In sede di prima udienza, l’attore integrava la domanda chiedendo la dichiarazione di invalidità anche dell’ulteriore delibera sostitutiva (oltre al risarcimento dei danni). La società convenuta eccepiva, tra l’altro, l’inammissibilità della domanda di annullamento della delibera sostitutiva proposta nel corso della prima udienza; soluzione ritenuta ammissibile da parte attrice in ragione dell’art. 2377, comma 8 c.c. (richiamato per le srl dall’art. 2479-ter, comma 3 c.c.), ai sensi del quale “l’annullamento della deliberazione non può avere luogo, se la deliberazione impugnata è sostituita con altra presa in conformità della legge e dello statuto”.
Il Tribunale di Torino reputa fondata l’eccezione presentata dalla società convenuta. Nel caso di specie, infatti, non ci si trova di fronte ad un legittimo allargamento del thema decidendum, quale conseguenza della tempestiva proposizione di un’eccezione o di una domanda riconvenzionale, ma ad una nuova domanda di annullamento di una delibera diversa da quella oggetto della domanda introduttiva; questa, caratterizzata da diversa causa petendi e petitum, integra una mutatio libelli che, avuto riguardo al sistema delle preclusioni fissato nel vigente codice di rito, è inammissibile.

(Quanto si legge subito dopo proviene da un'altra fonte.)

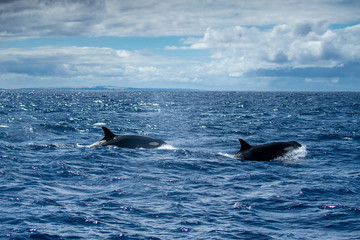 Fototapeta premium Orques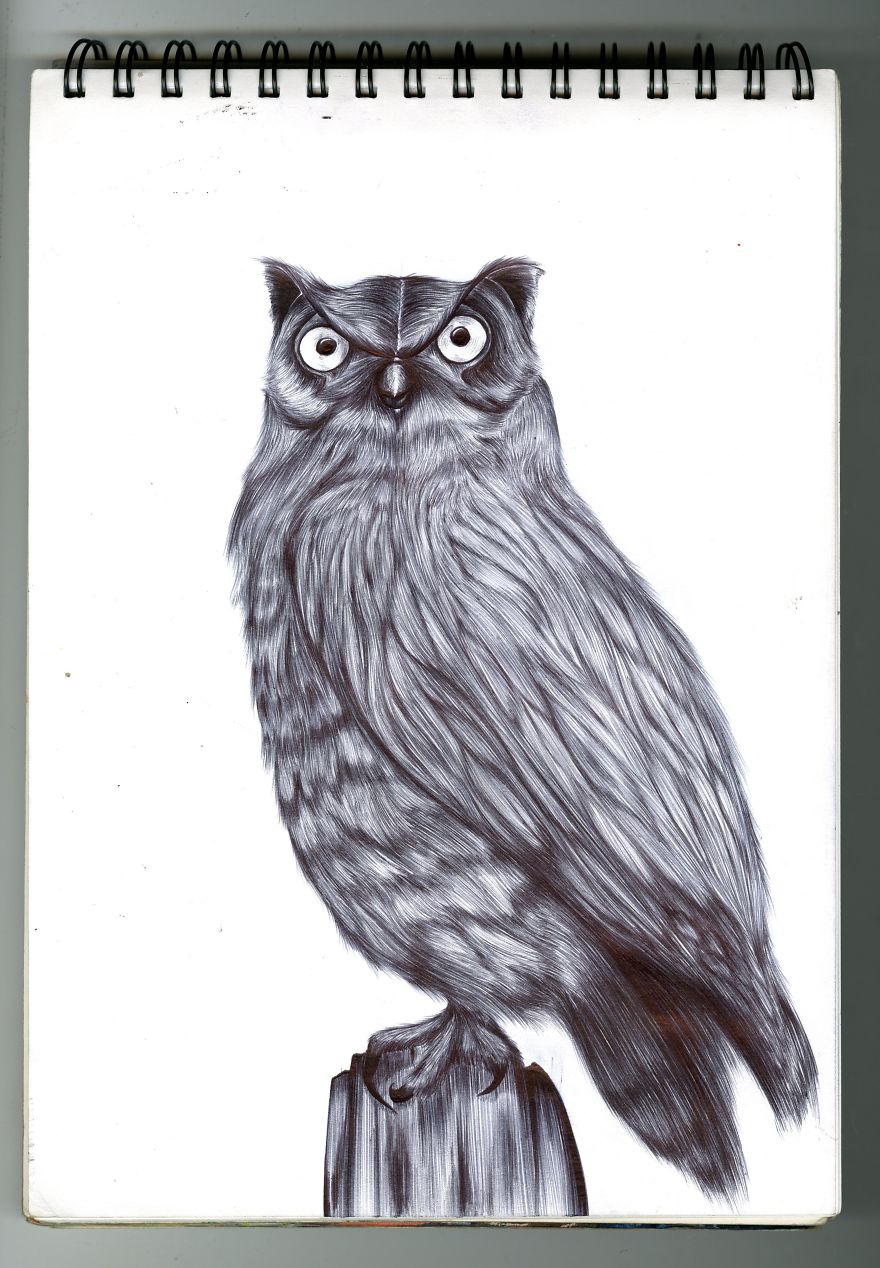 I Draw Detailed Animal Sketches Using Black Ball Point Pens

Non è prevista una deroga alle modalità d’introduzione delle impugnative
A
fronte di ciò, si sottolinea come l’art. 2377, comma 8 c.c. non preveda
una deroga processuale alle modalità di introduzione delle impugnative
di delibera, disciplinate espressamente dal successivo art. 2378 c.c.,
quanto piuttosto la regolazione degli effetti processuali dell’intervenuta
rimozione (anche in via cautelativa) della deliberazione ritenuta
viziata e contestata in giudizio; si prevede, infatti, la possibilità in
capo al giudice adito per l’impugnazione della delibera revocata di evitare la celebrazione di processi divenuti inutili, esprimendo incidenter tantum
una valutazione di conformità o meno alla legge e allo statuto della
delibera sostitutiva (quand’anche già autonomamente impugnata), al fine
di verificare l’eventuale permanenza dell’interesse ad ottenere una
pronuncia di validità della delibera sostituita.Dalla suddetta disposizione, peraltro, non può desumersi la regola che sia necessariamente il giudice della delibera revocata ad esaminare congiuntamente anche l’eventuale autonoma impugnazione della delibera sostitutiva (proponibile anche da terzi), la quale ben può essere non meramente reiterativa, ma anche integrativa e, parzialmente, riguardare un oggetto nuovo ed ulteriore. Il giudizio previsto dall’art. 2377, comma 8 c.c., quindi, non può tradursi in una declaratoria di invalidità della successiva delibera e neppure estendersi ad un sindacato su nuovi vizi precedentemente non dedotti, i quali rappresentano una loro fisionomia autonoma che presuppone una specifica impugnazione (cfr. Trib. Milano 2 novembre 2004 e Trib. Salerno 23 giugno 2009).